By Shamindra Ferdinando 


The British High Commission yesterday said that the participation of senior government members at the recently concluded third anniversary conference of the Global Tamil Forum (GTF) in the House of Commons shouldn’t be considered as an endorsement of "every policy position taken by the host or partner organization." 


A spokesman for the British High Commission was responding to a query by The Island whether Deputy Premier Nick Clegg and Conservative Party Chairman Grant Shapps participation meant the British government supported the GTF’s call to shift Commonwealth Heads of Government Meeting (CHOGM) from Sri Lanka.

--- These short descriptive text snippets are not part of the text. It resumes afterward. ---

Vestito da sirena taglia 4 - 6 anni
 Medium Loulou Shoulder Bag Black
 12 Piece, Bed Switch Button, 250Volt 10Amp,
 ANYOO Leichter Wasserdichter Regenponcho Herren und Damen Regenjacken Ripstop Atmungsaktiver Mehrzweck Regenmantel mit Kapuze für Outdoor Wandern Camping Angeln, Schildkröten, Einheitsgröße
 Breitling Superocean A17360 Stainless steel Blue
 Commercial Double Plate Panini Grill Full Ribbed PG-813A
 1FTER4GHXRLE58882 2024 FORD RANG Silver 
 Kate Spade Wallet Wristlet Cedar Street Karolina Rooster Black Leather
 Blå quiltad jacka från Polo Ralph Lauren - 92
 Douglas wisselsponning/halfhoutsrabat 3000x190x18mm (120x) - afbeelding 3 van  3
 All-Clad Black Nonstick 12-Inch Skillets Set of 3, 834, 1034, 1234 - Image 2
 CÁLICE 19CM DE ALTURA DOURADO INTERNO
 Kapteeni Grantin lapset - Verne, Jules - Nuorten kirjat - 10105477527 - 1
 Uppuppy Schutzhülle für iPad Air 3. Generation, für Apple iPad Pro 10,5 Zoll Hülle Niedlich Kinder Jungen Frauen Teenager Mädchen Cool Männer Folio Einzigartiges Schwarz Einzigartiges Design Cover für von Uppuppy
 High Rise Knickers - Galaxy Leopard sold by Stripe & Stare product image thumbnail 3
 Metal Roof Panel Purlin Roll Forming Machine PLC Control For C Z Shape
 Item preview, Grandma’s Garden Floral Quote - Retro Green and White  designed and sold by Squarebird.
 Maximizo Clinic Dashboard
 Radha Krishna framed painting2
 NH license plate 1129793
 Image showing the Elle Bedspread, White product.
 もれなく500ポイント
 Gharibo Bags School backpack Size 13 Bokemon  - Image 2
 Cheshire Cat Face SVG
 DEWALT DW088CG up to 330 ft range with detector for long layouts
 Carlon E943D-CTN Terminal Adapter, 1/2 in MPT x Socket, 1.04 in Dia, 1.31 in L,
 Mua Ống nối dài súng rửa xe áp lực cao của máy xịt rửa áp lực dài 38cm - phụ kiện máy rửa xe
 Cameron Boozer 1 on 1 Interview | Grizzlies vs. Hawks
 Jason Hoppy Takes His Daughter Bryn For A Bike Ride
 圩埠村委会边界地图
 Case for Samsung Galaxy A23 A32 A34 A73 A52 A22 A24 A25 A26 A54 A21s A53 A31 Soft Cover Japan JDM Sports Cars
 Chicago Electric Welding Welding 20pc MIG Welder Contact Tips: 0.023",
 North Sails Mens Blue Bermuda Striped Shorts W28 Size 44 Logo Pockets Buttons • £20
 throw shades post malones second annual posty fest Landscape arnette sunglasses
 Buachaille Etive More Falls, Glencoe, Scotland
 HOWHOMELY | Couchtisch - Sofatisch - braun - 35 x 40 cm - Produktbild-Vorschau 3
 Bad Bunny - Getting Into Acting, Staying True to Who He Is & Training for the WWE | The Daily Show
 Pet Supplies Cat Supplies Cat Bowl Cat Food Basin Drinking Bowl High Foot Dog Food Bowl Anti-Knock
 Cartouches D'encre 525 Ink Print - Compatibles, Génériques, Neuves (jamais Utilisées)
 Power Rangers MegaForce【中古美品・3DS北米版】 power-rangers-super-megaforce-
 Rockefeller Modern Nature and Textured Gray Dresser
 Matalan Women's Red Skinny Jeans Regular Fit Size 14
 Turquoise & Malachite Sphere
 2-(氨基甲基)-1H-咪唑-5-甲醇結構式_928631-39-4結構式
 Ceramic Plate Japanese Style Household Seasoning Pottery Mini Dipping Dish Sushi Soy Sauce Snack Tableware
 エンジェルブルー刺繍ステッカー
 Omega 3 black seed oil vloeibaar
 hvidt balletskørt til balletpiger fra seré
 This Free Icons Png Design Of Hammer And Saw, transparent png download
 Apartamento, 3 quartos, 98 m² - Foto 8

 Ministers regularly attended various community events hosted in Parliament to demonstrate their support for those communities as well as recognize their contribution to the UK, the spokesperson said. 


In the run-up to the GTF conference on Feb 27, the Sri Lankan government told the Foreign and Commonwealth Office that participation of UK government members would be detrimental to ongoing national reconstruction and reconciliation efforts.   


Asked whether the ruling coalition comprising Conservatives and Liberal Democrats had approved the GTF conference in the House of Commons, the spokesperson said that the grouping had the support of the All Party Parliamentary Group for Tamils (APPG-T). The official said that APPG-T didn’t form part of the government therefore its participation didn’t reflect British support for the GTF.


 A senior GoSL official alleged that APPG-T had been working closely with the GTF for some time, while recalling the circumstances under which Vice Chair of the grouping recommended the production team responsible for Sri Lanka’s Killing Fields for Nobel Peace prize last year. 


Commenting on the forthcoming CHOGM, the official said: "As the UK has repeatedly stated, we have not yet decided on the level of any attendance at CHOGM, but we will be looking to Sri Lanka, as we would any host, to demonstrate its commitment to upholding Commonwealth values. The UK has consistently called for an independent, thorough and credible investigation into the allegations of war crimes. We believe that the process of reconciliation between Sri Lanka’s communities has a greater chance of success if investigations are Sri Lankan led rather than externally imposed.  We will continue to work with international partners to support the Sri Lankan people in their pursuit of enduring peace and reconciliation, including with the assistance of relevant international organizations." 


Asked why the Chilcot Inquiry decided to further delay the final report, the official said: "The Inquiry into the Iraq War, led by Sir John Chilcot, is independent of government. In his most recent letter to the Prime Minister in July of 2012, Sir John said that the Inquiry would present its report once any witnesses facing potential criticism have had the chance to respond and present their case. This process is due to begin around the middle of 2013."